While using a custom probability density function, I’m seeing different behaviour from Stan (cmdstanr interface on an M1 Mac) depending on whether I specify an integer term explicitly as a local variable declaration or simply use the value implicitly without storing it as a local variable. Specifically, since I always need the function in vectorised form, common normalisation terms (e.g., the scale parameter) need to be multiplied by the size of the input vector.

I’m starting here because I’m not sure whether this is a bug I should report on Github or whether this is actually desired behaviour. In general, of course, Stan sampling doesn’t work well with integers.

For quick background, I’m implementing a gamma-exponential distribution (a.k.a. a generalised Gumbel distribution) with a fixed mean of zero (see Gavin Crooks’s amazing Field Guide to Continuous Probability Distributions, Chapter 8):

f(x; \lambda, \alpha) = \frac{1}{\lambda \Gamma(\alpha)} \exp\left\{- \alpha \left(\frac{x}{\lambda} - \psi(\alpha) \right) - \exp\left(- \left(\frac{x}{\lambda} - \psi(\alpha)\right)\right) \right\}\ ,

where \psi represents the digamma function.

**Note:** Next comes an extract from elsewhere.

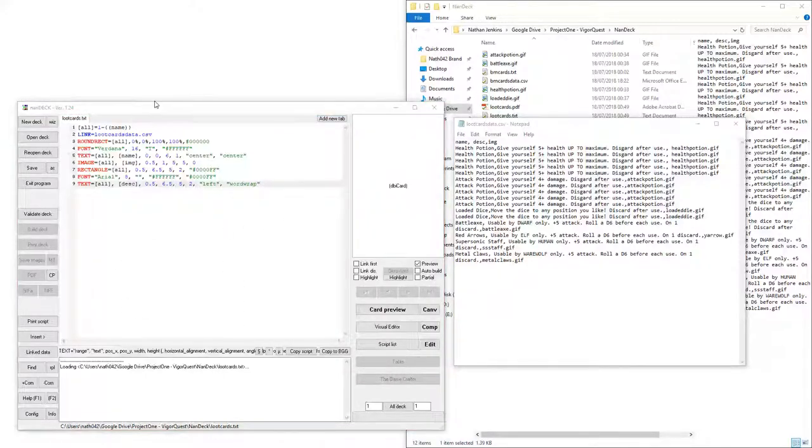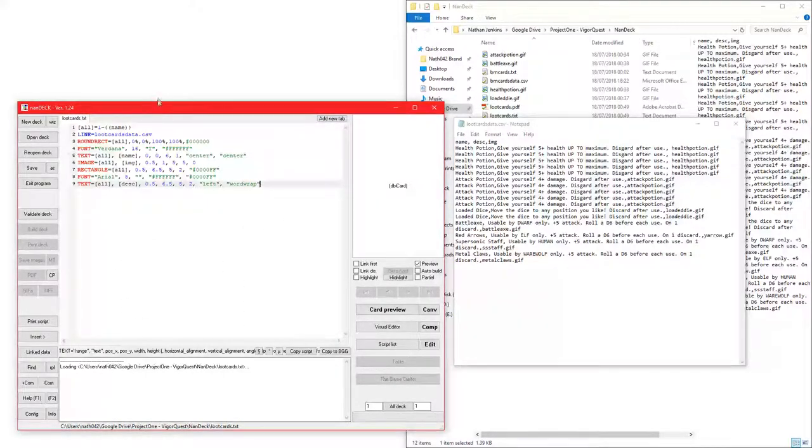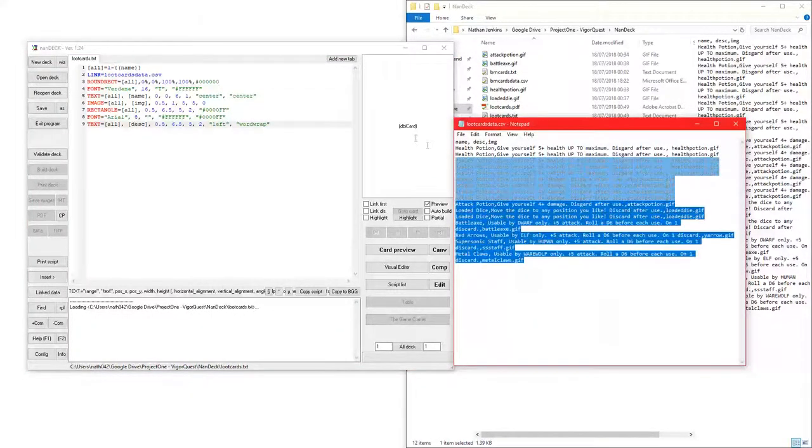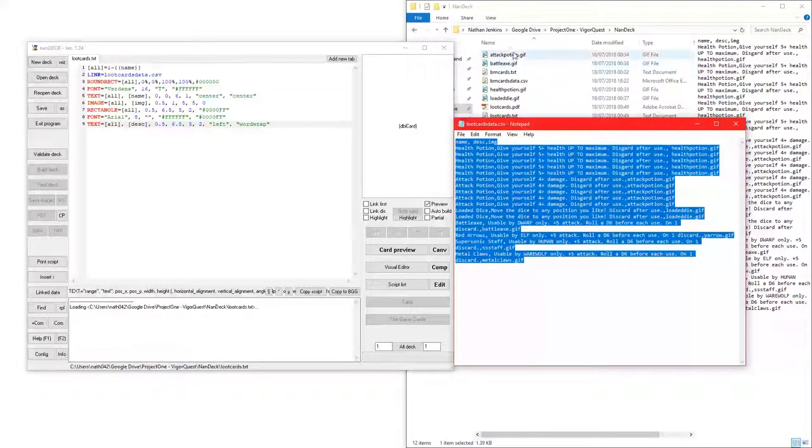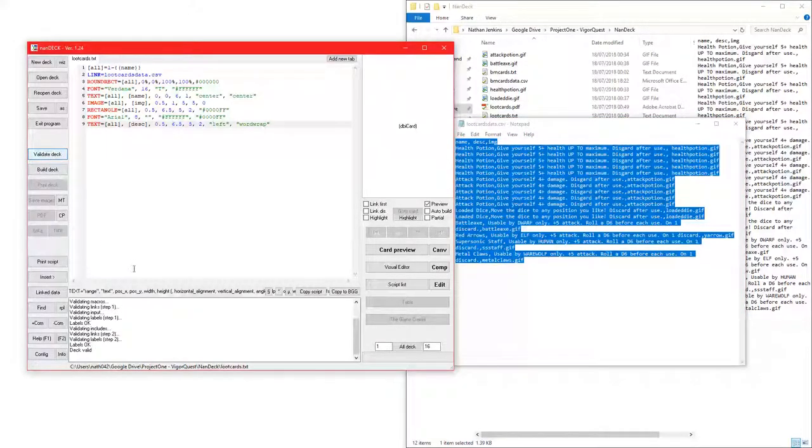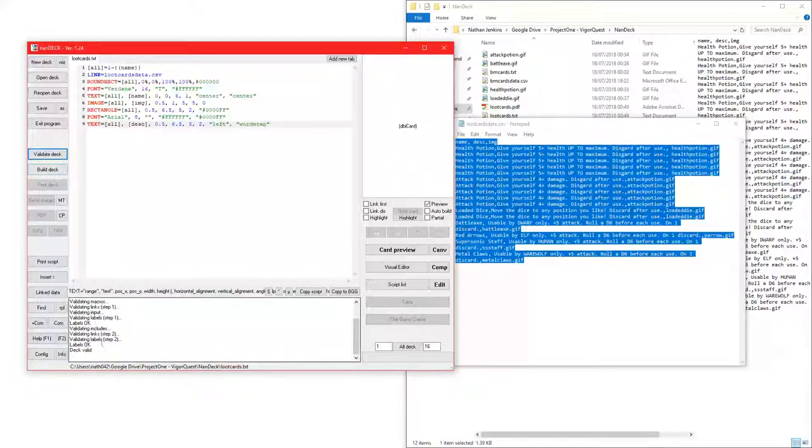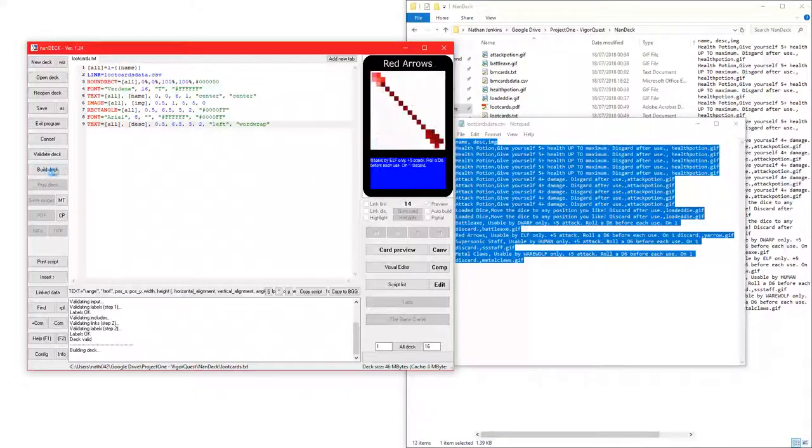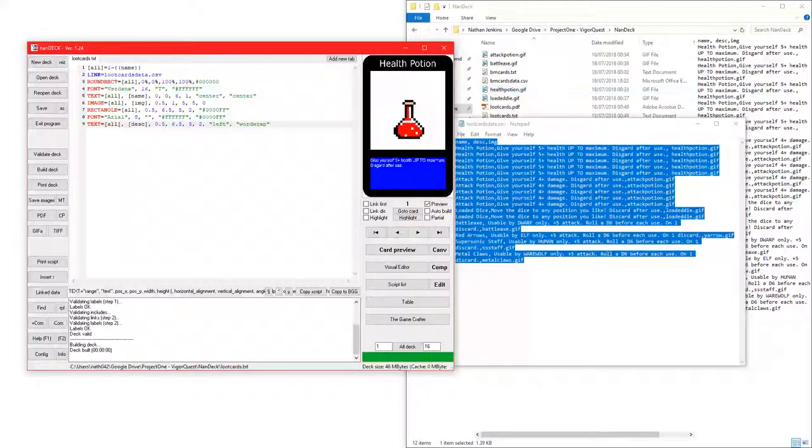Once you have all that down, and you have all this in, and you have all the gifs there, or the images, or whatever you want to use, you can just validate deck. Validate deck will validate that the deck is workable. Deck is now valid, as it says down there. You can click build deck. And now, you can see all your cards over here.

The implementation in Stan that does work is the following (taking advantage of the relationship to the gamma distribution to get – I hope! – smarter autodiff):

  real gamma_exp_lpdf(vector x, real lambda, real alpha) {
    int K = size(x);
    return
      -K * log(lambda)
      - sum(x) / lambda
      + gamma_lpdf(exp(-x / lambda) | alpha, exp(digamma(alpha)));
  }

There is nothing wrong with that, but because I only need K once, I originally had the function written like this:

  real gamma_exp_lpdf(vector x, real lambda, real alpha) {
    return
      -size(x) * log(lambda)
      - sum(x) / lambda
      + gamma_lpdf(exp(-x / lambda) | alpha, exp(digamma(alpha)));
  }

In principle, these functions should be identical, but in practice, the sampler goes bananas when using the second form, throwing all sorts of divergences and landing nowhere near the correct distribution even when there is nothing else in the model.

Should I have expected this? If so, is there a bit of the documentation that should have made that clear? If not, what would be the most helpful tag or keyword for submitting a bug?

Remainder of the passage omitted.